==== Information given ====

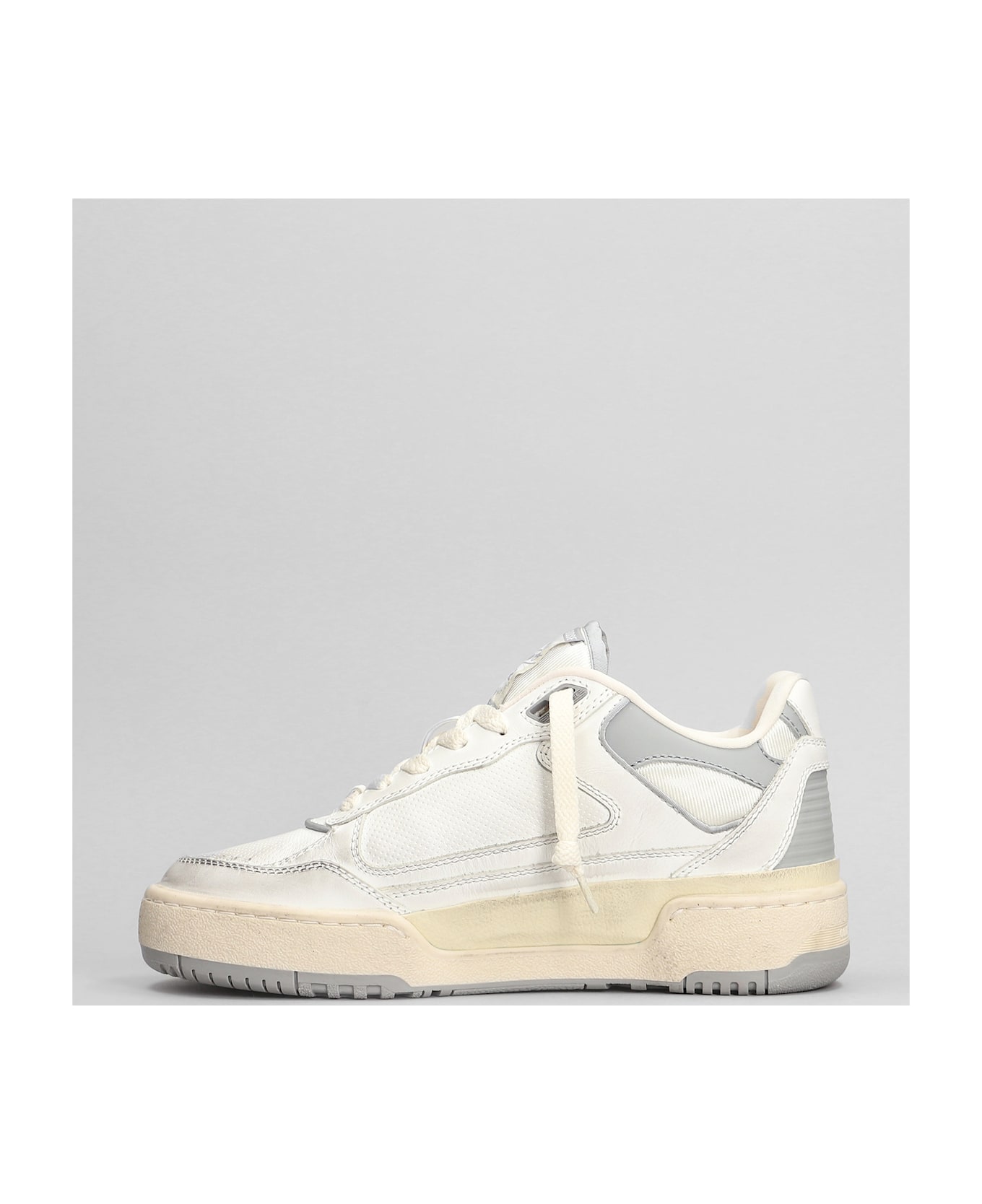 Golden Goose Forty 2 Sneakers In White Leather And Fabric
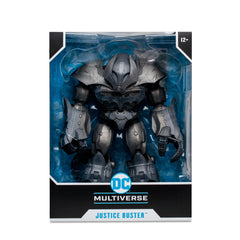 McFarlane Toys Justice Buster art card back offers character biography for reference.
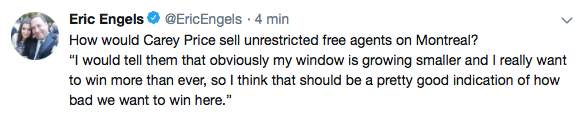 Y faudrait que Carey Price commence par en parler à Bergevin...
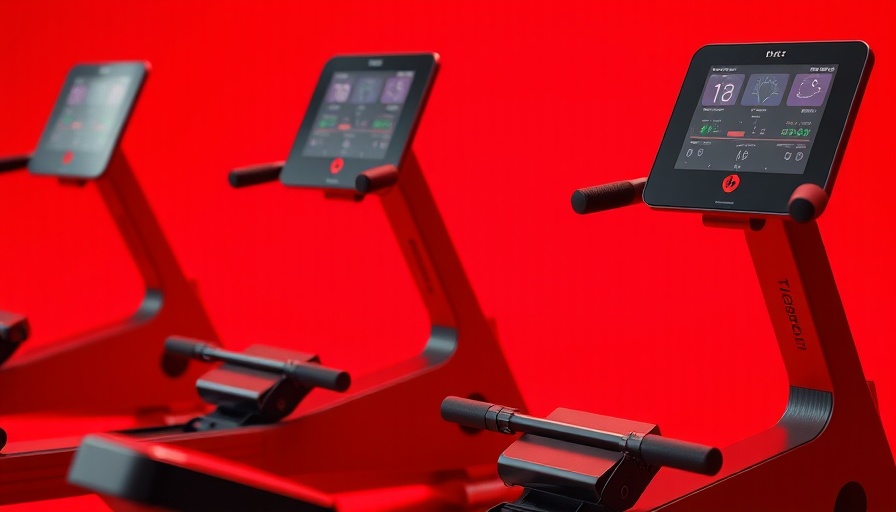 Modern compact rowing machines on a red background highlighting design and features.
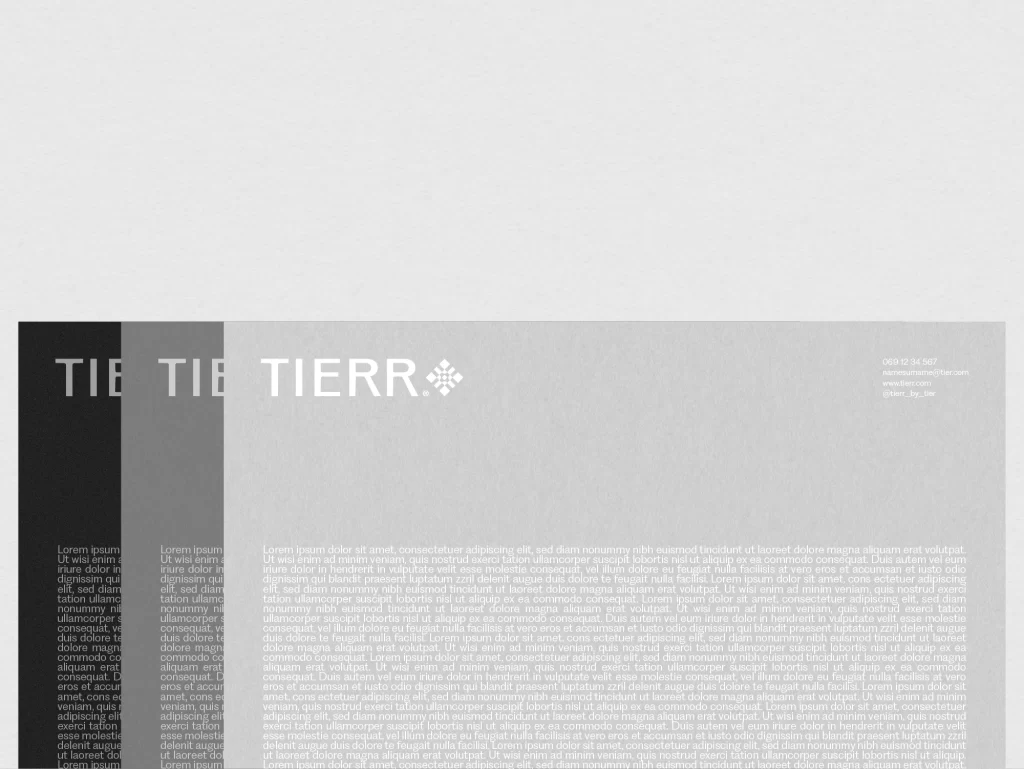 Stationery for Tierr clothing identity by ad agency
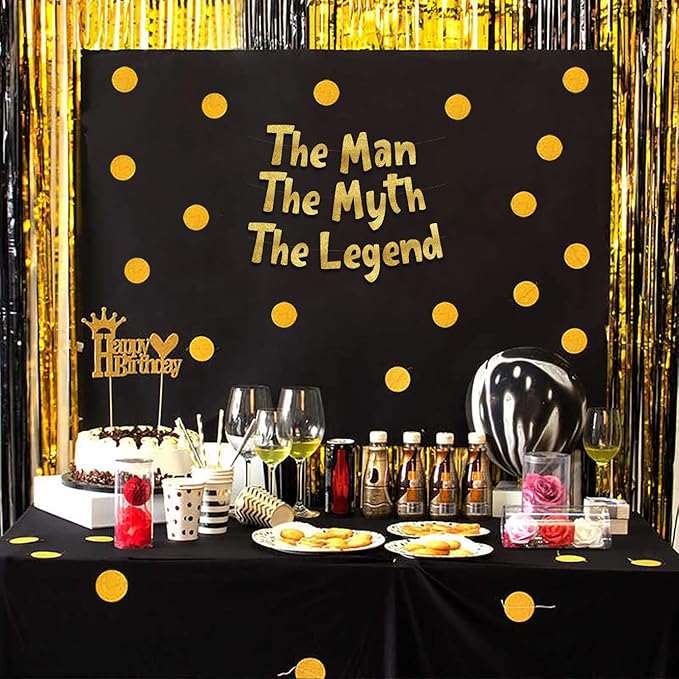 Pre-Strung The Man The Myth The Legend Gold Glitter Banner - Retirement Decorations for Men and Women - Retirement Party Supplies and Gifts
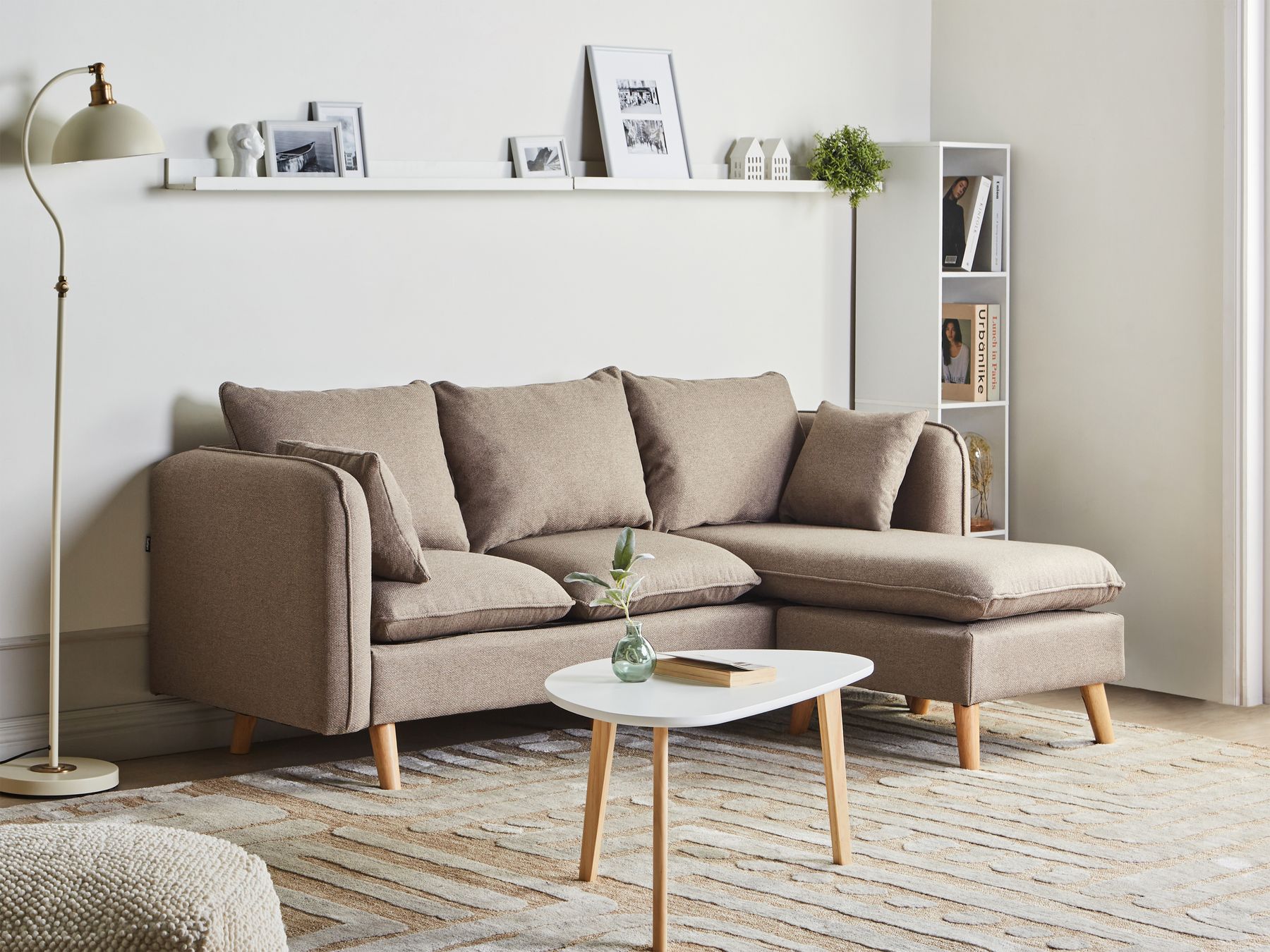 3 Seater Fabric Sofa with Ottoman Light Brown DALVIK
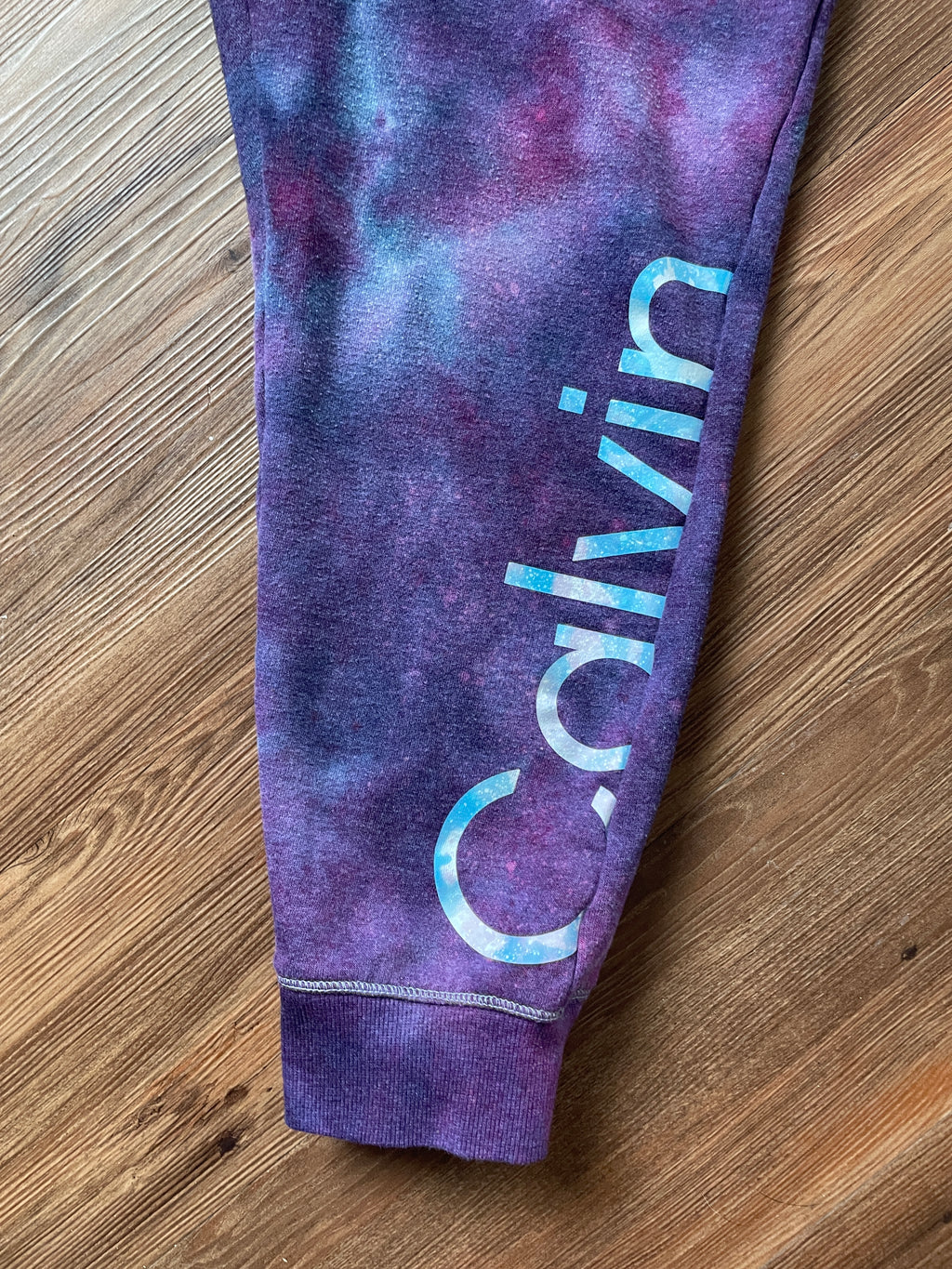 LARGE Women's Calvin Klein Galaxy Tie Dye Sweatpants | Shades of Blue and Purple Ice Dye Pants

====

> **To do**
Return every entry of the data above verbatim, with no images included.

> **Answer for this exercise**
 Golden Goose Forty 2 Sneakers In White Leather And Fabric
 McFarlane Toys Justice Buster art card back offers character biography for reference.
 Y faudrait que Carey Price commence par en parler à Bergevin...
 Modern compact rowing machines on a red background highlighting design and features.
 Stationery for Tierr clothing identity by ad agency
 Pre-Strung The Man The Myth The Legend Gold Glitter Banner - Retirement Decorations for Men and Women - Retirement Party Supplies and Gifts
 3 Seater Fabric Sofa with Ottoman Light Brown DALVIK
 LARGE Women's Calvin Klein Galaxy Tie Dye Sweatpants | Shades of Blue and Purple Ice Dye Pants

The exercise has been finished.